What is required
The pictures do not go in the copy. Reproduce the rest of the entries exactly.
Start of Given data
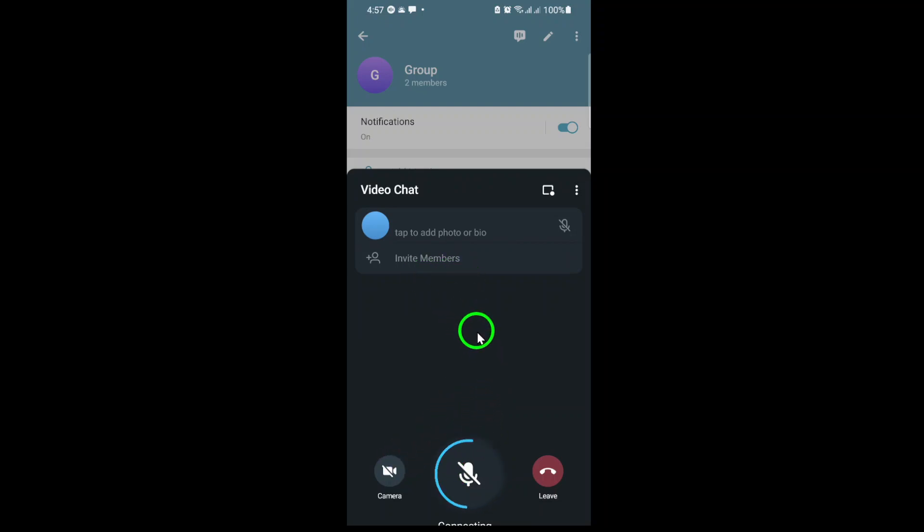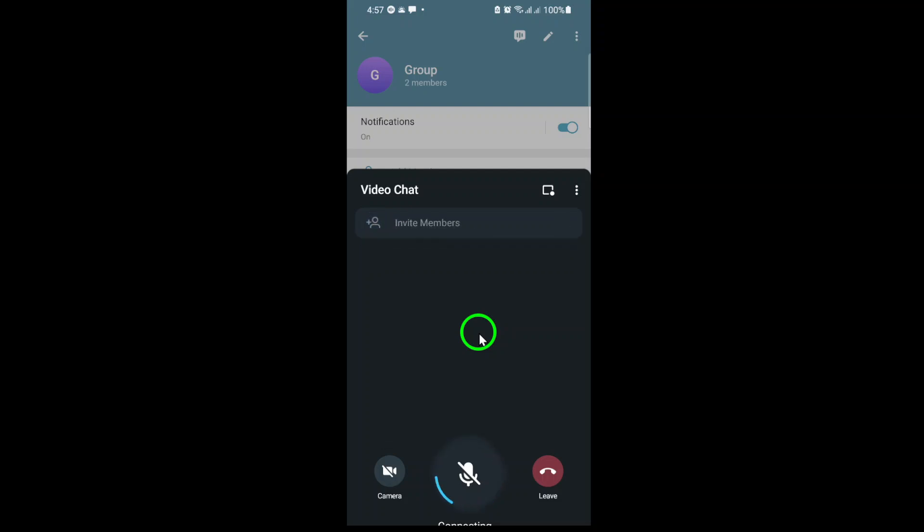Telegram's group video chat feature is designed to be smooth and reliable, letting you connect with up to 1,000 people at once. Perfect for everything from casual hangouts to large community meetings.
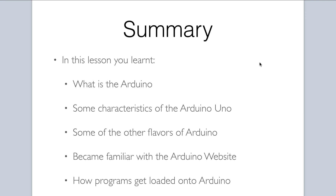To summarize, you should now understand what Arduino is and be familiar with the Arduino Uno. You've also been introduced to some of the other flavors of Arduino that are out there, and quickly introduced to the Arduino website, which is a great place to get resources, information, and network with other makers. Finally, you should have a high-level overview of the process by which code is uploaded to the Arduino using the Arduino IDE. We will delve into the Arduino IDE in much more detail in another lesson. We are off to a great start — let's move on to our next lesson.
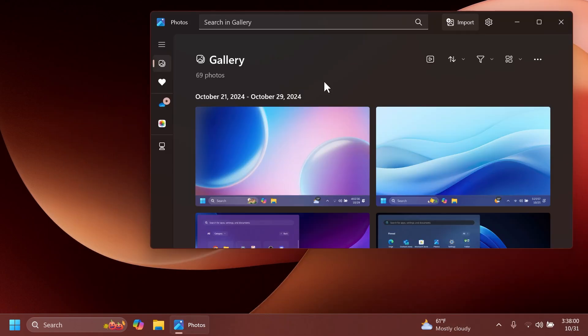Microsoft is also adding a few other improvements to the Photos app. For example, they are launching single-click support in the gallery. With this update, you can now open individual images with a single click to make navigation more efficient. And of course, double-clicking works as before.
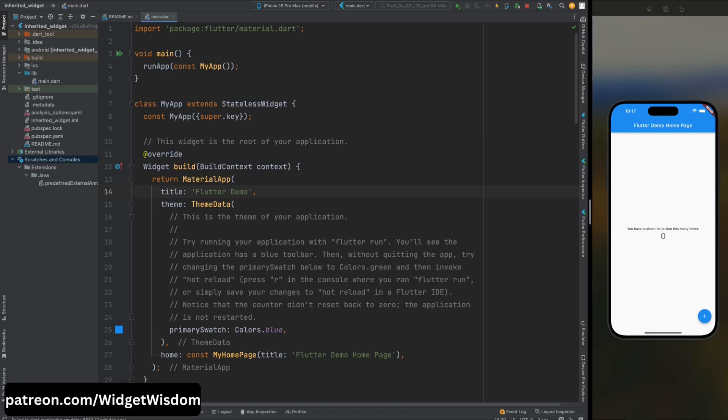Welcome back fellow Flutter enthusiasts. Today we embark on an exciting journey into the realm of inherited widgets, where the mundane becomes magical and the complex transforms into clarity. Let's kick things off by laying the groundwork. Imagine you're building a Flutter app and you encounter a common dilemma: how do you efficiently pass data between different parts of your widget tree without resorting to convoluted workarounds?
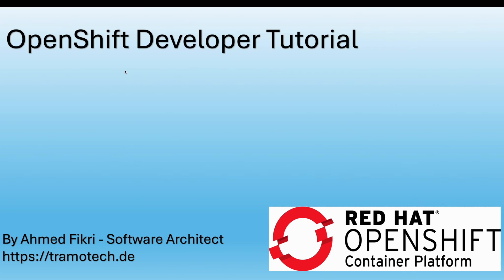Hi everyone, welcome to this tutorial. In this session I will show you how I work with OpenShift. This is a beginner-friendly tutorial to help developers get started with OpenShift.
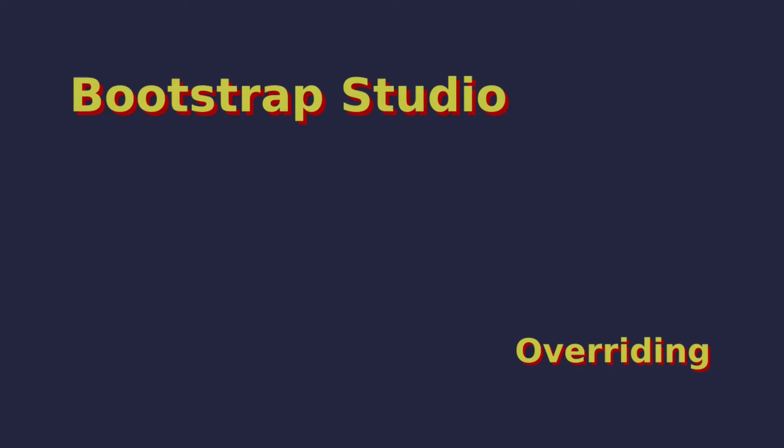By the way, this video is part of a larger course about Bootstrap Studio. You can find the full course on Udemy or Skillshare. Check out the link in the description.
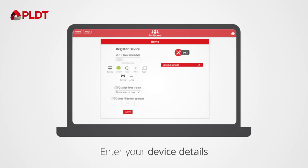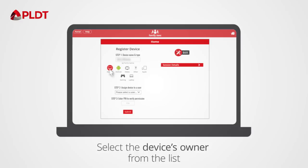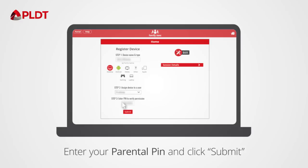Enter your device details. Select the device's owner from the list. Enter your parental PIN and click Submit.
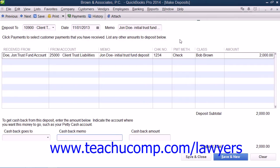In this chapter, we will review the transactions that you will need to use in order to correctly account for funds held within a client's trust account within most, if not all, states.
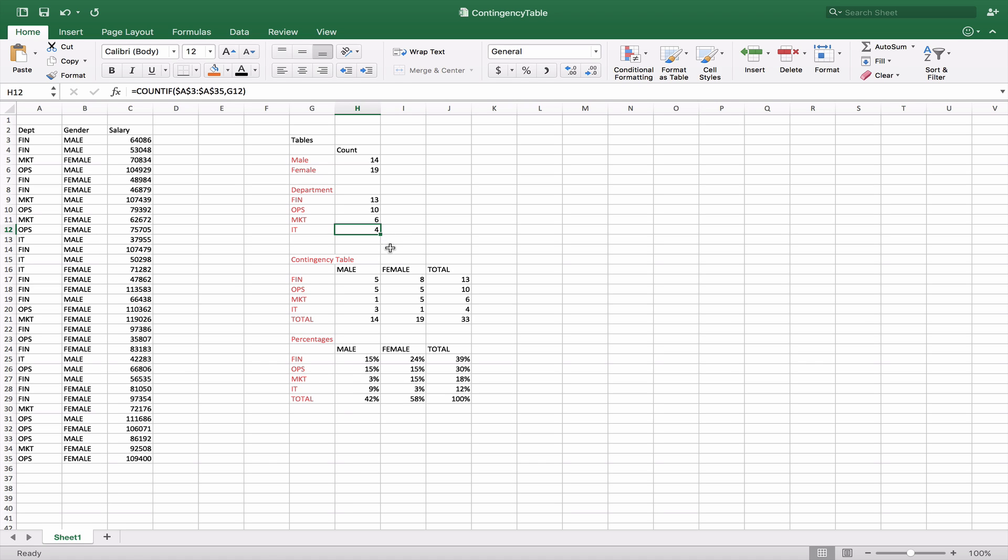Now let's say we want to do a contingency table, a two-dimensional table, male, female, and the individual departments. So in order to do that we're going to actually use a different function, a COUNTIFS function.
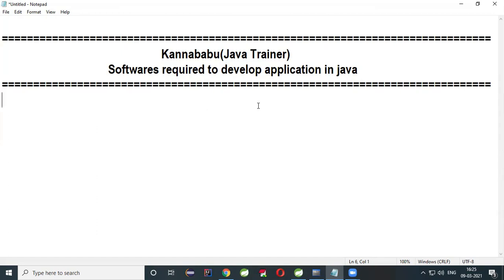Hi everyone, this is Kanna Babu. Today we will discuss about the softwares that are required to develop the application in Java. In the last session I discussed what is the Java Learning Curve, and today we continue with the required software setup.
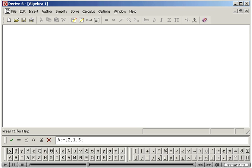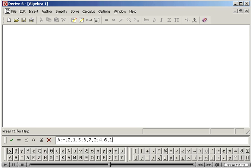semicolon, 3, comma, 7, comma, 2, semicolon, 4, comma, 6, comma, 1, right bracket, and pressing Enter.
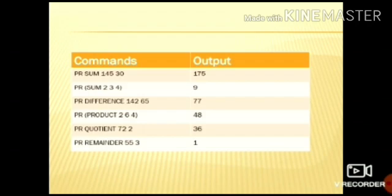Now next is remainder. Remainder command will give the remainder. It will divide 55 by 3 and the remainder is 1.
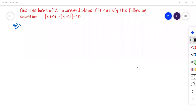Hi, welcome to my channel. In this video we will solve a problem based on locus of Z. The question is: find the locus of Z in the Argand plane if it satisfies the following equation — mod Z plus 4i plus mod Z minus 4i is equal to 10. So let us go to the solution.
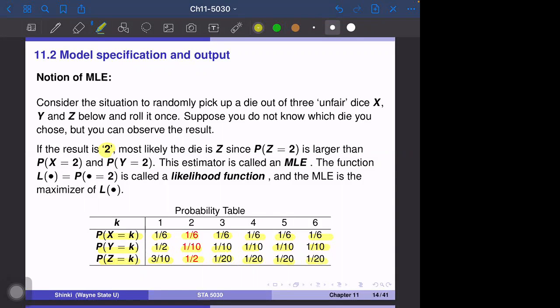If we observe the outcome is two, we compare these three cases. Without any condition, we have a one-third chance each to pick x, y, or z. Since z has a higher probability of showing two, the probability that we picked z increases. So we decide the most likely choice of our die is z. That is the so-called maximum likelihood estimator — the maximum likelihood estimate is z in this case.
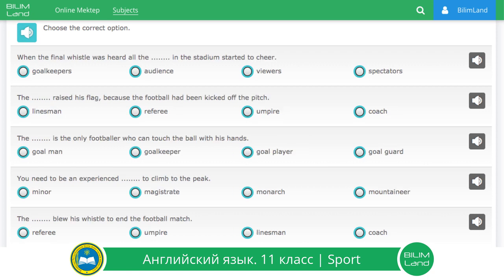Exercise number three. Choose the correct option. When the final whistle was heard, all the spectators in the stadium started to cheer. The linesman raised his flag because the football had been kicked off the pitch. The goalkeeper is the only footballer who can touch the ball with his hands. You need to be an experienced mountaineer to climb to the peak.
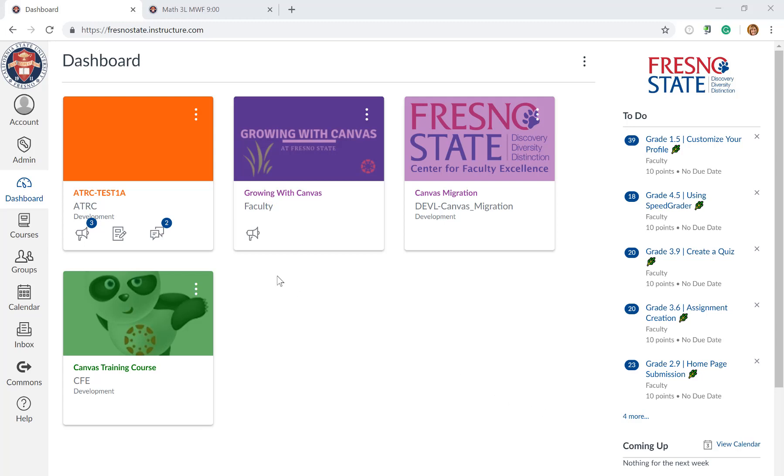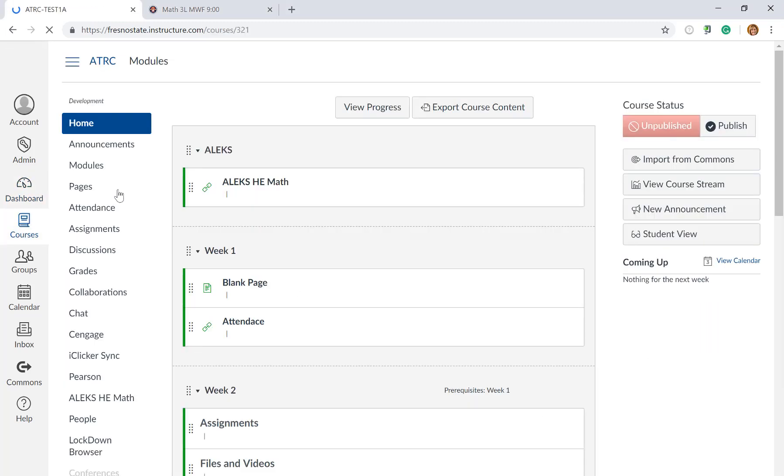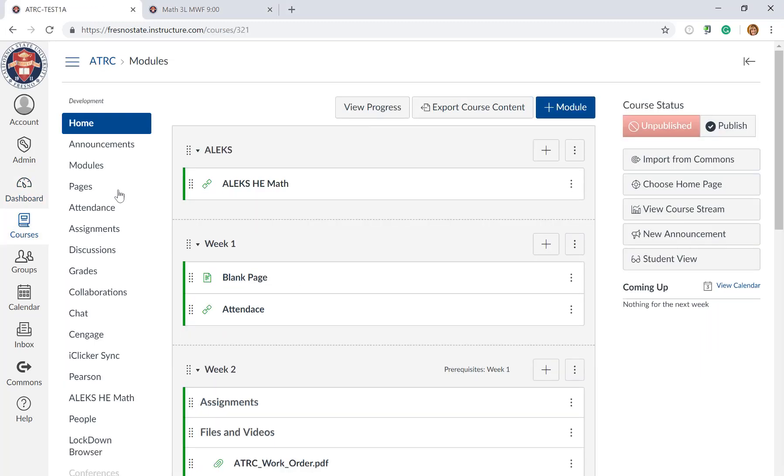First you're going to click on your course in your dashboard and then you're going to find the ALEKS higher ed math tool.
End of Given data
Result
Telegram's group video chat feature is designed to be smooth and reliable, letting you connect with up to 1,000 people at once. Perfect for everything from casual hangouts to large community meetings.
To summarize, you should now understand what Arduino is and be familiar with the Arduino Uno. You've also been introduced to some of the other flavors of Arduino that are out there, and quickly introduced to the Arduino website, which is a great place to get resources, information, and network with other makers. Finally, you should have a high-level overview of the process by which code is uploaded to the Arduino using the Arduino IDE. We will delve into the Arduino IDE in much more detail in another lesson. We are off to a great start — let's move on to our next lesson.
Microsoft is also adding a few other improvements to the Photos app. For example, they are launching single-click support in the gallery. With this update, you can now open individual images with a single click to make navigation more efficient. And of course, double-clicking works as before.
Welcome back fellow Flutter enthusiasts. Today we embark on an exciting journey into the realm of inherited widgets, where the mundane becomes magical and the complex transforms into clarity. Let's kick things off by laying the groundwork. Imagine you're building a Flutter app and you encounter a common dilemma: how do you efficiently pass data between different parts of your widget tree without resorting to convoluted workarounds?
Hi everyone, welcome to this tutorial. In this session I will show you how I work with OpenShift. This is a beginner-friendly tutorial to help developers get started with OpenShift.
By the way, this video is part of a larger course about Bootstrap Studio. You can find the full course on Udemy or Skillshare. Check out the link in the description.
Enter your device details. Select the device's owner from the list. Enter your parental PIN and click Submit.
In this chapter, we will review the transactions that you will need to use in order to correctly account for funds held within a client's trust account within most, if not all, states.
Now let's say we want to do a contingency table, a two-dimensional table, male, female, and the individual departments. So in order to do that we're going to actually use a different function, a COUNTIFS function.
Hi everyone, this is Kanna Babu. Today we will discuss about the softwares that are required to develop the application in Java. In the last session I discussed what is the Java Learning Curve, and today we continue with the required software setup.
semicolon, 3, comma, 7, comma, 2, semicolon, 4, comma, 6, comma, 1, right bracket, and pressing Enter.
Now next is remainder. Remainder command will give the remainder. It will divide 55 by 3 and the remainder is 1.
Hi, welcome to my channel. In this video we will solve a problem based on locus of Z. The question is: find the locus of Z in the Argand plane if it satisfies the following equation — mod Z plus 4i plus mod Z minus 4i is equal to 10. So let us go to the solution.
If we observe the outcome is two, we compare these three cases. Without any condition, we have a one-third chance each to pick x, y, or z. Since z has a higher probability of showing two, the probability that we picked z increases. So we decide the most likely choice of our die is z. That is the so-called maximum likelihood estimator — the maximum likelihood estimate is z in this case.
Exercise number three. Choose the correct option. When the final whistle was heard, all the spectators in the stadium started to cheer. The linesman raised his flag because the football had been kicked off the pitch. The goalkeeper is the only footballer who can touch the ball with his hands. You need to be an experienced mountaineer to climb to the peak.
First you're going to click on your course in your dashboard and then you're going to find the ALEKS higher ed math tool.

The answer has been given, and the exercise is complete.